Reproduce everything from the line that contains "Quotes About Psycho Girls 8" down to the line that contains "Skitouren in Südtirol." in the listing below, word for word and nothing more. Leave the pictures out.

Records provided:
—————

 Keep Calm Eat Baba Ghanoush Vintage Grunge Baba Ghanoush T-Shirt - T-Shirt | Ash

—————

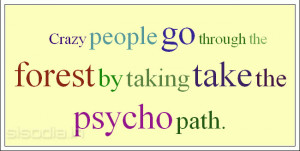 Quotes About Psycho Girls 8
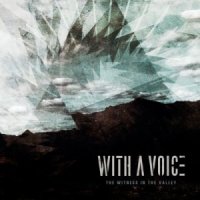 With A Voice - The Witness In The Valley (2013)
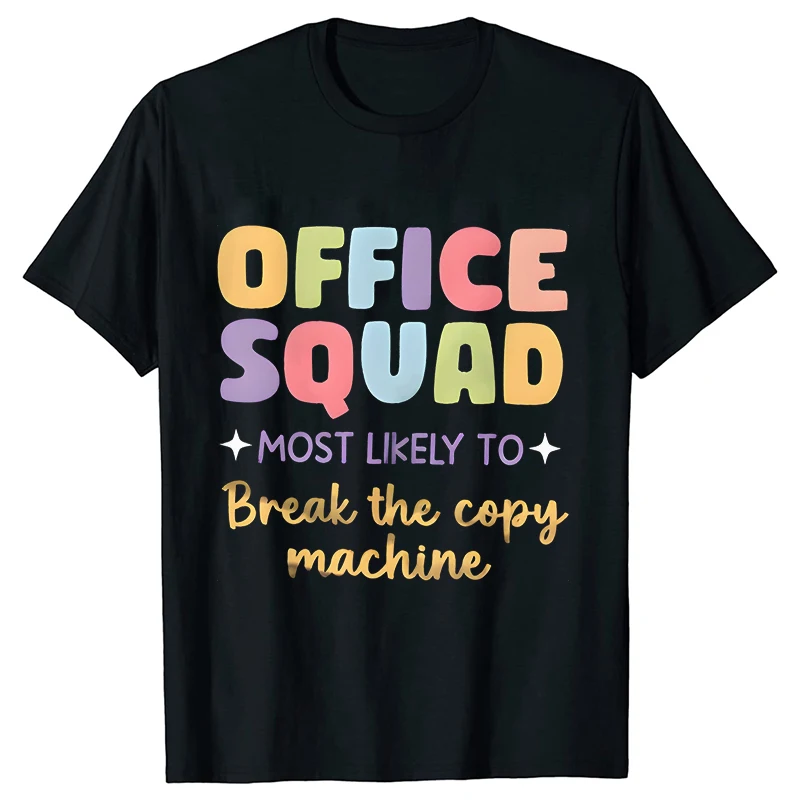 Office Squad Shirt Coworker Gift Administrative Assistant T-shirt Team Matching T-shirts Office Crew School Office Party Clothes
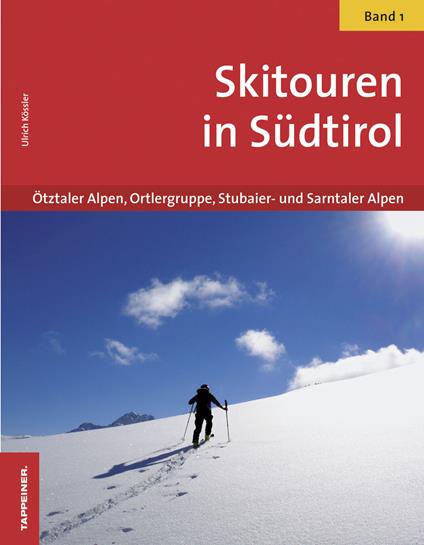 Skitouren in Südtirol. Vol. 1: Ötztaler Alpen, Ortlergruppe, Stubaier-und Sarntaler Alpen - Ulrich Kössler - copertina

—————

Response to this task:
 Quotes About Psycho Girls 8
 With A Voice - The Witness In The Valley (2013)
 Office Squad Shirt Coworker Gift Administrative Assistant T-shirt Team Matching T-shirts Office Crew School Office Party Clothes
 Skitouren in Südtirol. Vol. 1: Ötztaler Alpen, Ortlergruppe, Stubaier-und Sarntaler Alpen - Ulrich Kössler - copertina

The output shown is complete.